Hughes Hubbard recently scored a win for Dolphin Direct Equity Partners LP (“Dolphin”), after the Second Circuit Court of Appeals affirmed summary judgment in favor of the client. In its ruling, the Circuit Court affirmed in total the grant of summary judgment and awarded the damages which had been recommended by the U.S. District Court, Southern District of New York last year.
Dolphin, a private investment firm, entered into a series of agreements to buy race car simulators from Interactive Motorsports and Entertainment Corporation, Perfect Line, Inc. and Race Car Simulators, Inc. The sellers, in turn, agreed to place the simulators into revenue-generating agreements for Dolphin’s benefit. The sellers guaranteed that Dolphin would receive certain minimum payments based on revenue generated by the race car simulators. The corporate entities and William Donaldson, a chief executive officer, executed non-competition agreements, in which they agreed not to compete against Dolphin’s race car simulators.

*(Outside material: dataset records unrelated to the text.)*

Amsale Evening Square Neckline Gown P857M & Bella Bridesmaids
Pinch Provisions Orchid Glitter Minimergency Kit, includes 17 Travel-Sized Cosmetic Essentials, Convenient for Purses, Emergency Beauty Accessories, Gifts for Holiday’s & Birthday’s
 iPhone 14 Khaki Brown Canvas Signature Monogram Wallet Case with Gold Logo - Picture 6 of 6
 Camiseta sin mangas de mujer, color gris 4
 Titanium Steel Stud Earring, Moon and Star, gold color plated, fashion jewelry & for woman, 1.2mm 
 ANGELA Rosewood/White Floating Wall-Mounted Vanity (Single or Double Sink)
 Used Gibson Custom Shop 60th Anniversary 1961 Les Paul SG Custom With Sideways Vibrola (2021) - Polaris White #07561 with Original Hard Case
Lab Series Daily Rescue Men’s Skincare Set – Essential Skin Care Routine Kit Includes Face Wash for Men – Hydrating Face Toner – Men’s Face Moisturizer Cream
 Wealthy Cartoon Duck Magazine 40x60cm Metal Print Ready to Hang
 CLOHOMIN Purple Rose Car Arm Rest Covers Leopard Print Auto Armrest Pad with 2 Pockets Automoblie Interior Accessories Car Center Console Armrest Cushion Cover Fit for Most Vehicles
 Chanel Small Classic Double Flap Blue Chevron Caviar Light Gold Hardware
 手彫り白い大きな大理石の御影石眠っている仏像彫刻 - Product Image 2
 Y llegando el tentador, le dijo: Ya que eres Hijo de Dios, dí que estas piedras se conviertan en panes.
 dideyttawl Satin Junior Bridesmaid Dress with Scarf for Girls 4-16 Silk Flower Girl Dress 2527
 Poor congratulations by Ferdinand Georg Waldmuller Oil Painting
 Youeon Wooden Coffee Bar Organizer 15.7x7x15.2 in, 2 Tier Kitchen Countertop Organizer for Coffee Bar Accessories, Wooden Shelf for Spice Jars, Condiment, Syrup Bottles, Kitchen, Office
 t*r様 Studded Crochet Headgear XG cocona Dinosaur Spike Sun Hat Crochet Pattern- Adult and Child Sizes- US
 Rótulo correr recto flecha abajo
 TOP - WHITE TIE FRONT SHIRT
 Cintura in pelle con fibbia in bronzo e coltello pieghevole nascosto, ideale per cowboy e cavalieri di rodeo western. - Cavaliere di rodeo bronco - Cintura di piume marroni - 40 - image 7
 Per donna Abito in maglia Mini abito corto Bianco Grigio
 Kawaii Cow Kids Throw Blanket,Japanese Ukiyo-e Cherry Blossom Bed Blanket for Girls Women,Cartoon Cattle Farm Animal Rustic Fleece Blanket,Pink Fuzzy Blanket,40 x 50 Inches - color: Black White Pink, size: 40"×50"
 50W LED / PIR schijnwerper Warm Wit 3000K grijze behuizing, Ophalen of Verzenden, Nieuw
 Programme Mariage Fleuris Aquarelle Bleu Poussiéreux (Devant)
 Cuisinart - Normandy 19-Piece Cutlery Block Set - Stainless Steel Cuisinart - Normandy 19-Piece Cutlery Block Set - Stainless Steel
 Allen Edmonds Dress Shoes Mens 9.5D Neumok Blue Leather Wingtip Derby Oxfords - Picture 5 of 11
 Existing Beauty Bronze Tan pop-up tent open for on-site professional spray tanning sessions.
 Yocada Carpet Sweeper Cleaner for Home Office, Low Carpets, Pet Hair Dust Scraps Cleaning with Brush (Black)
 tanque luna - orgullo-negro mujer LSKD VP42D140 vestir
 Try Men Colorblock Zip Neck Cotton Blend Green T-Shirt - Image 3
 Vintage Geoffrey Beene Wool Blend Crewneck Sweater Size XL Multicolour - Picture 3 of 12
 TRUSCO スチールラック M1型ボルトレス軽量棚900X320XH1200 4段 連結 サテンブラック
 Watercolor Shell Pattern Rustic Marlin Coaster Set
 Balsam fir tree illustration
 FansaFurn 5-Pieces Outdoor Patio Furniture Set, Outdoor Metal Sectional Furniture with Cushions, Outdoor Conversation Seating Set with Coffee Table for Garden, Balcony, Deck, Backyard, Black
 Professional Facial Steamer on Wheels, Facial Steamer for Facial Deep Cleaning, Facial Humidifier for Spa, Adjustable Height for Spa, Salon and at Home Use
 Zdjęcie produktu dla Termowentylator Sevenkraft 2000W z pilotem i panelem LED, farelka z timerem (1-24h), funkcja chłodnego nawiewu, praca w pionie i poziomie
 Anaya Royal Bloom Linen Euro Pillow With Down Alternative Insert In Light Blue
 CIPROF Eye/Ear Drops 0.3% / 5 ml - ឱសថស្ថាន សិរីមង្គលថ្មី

Defendants later breached the agreements by placing their own race car simulators into competition with Dolphin’s and failing to make the guaranteed minimum payments. Dolphin brought suit in the Southern District and Judge Richard Berman granted summary judgment in favor of Dolphin. Later, Magistrate Judge Theodore Katz issued a report and recommendation, which adopted Dolphin’s application for damages in its entirety and held Mr. Donaldson and the corporate defendants jointly and severally liable for the bulk of the damages. Judge Berman adopted Judge Katz’s report and recommendation in full.
The issues on appeal in the Second Circuit included Mr. Donaldson’s personal liability and the assessment of damages. The Second Circuit rejected all of the defendants’ arguments and found that the plain reading of the agreements supported personal liability and that the evidence in the record supported the District Court’s damages award.
Dan Weiner and Christine Stecura represented Dolphin.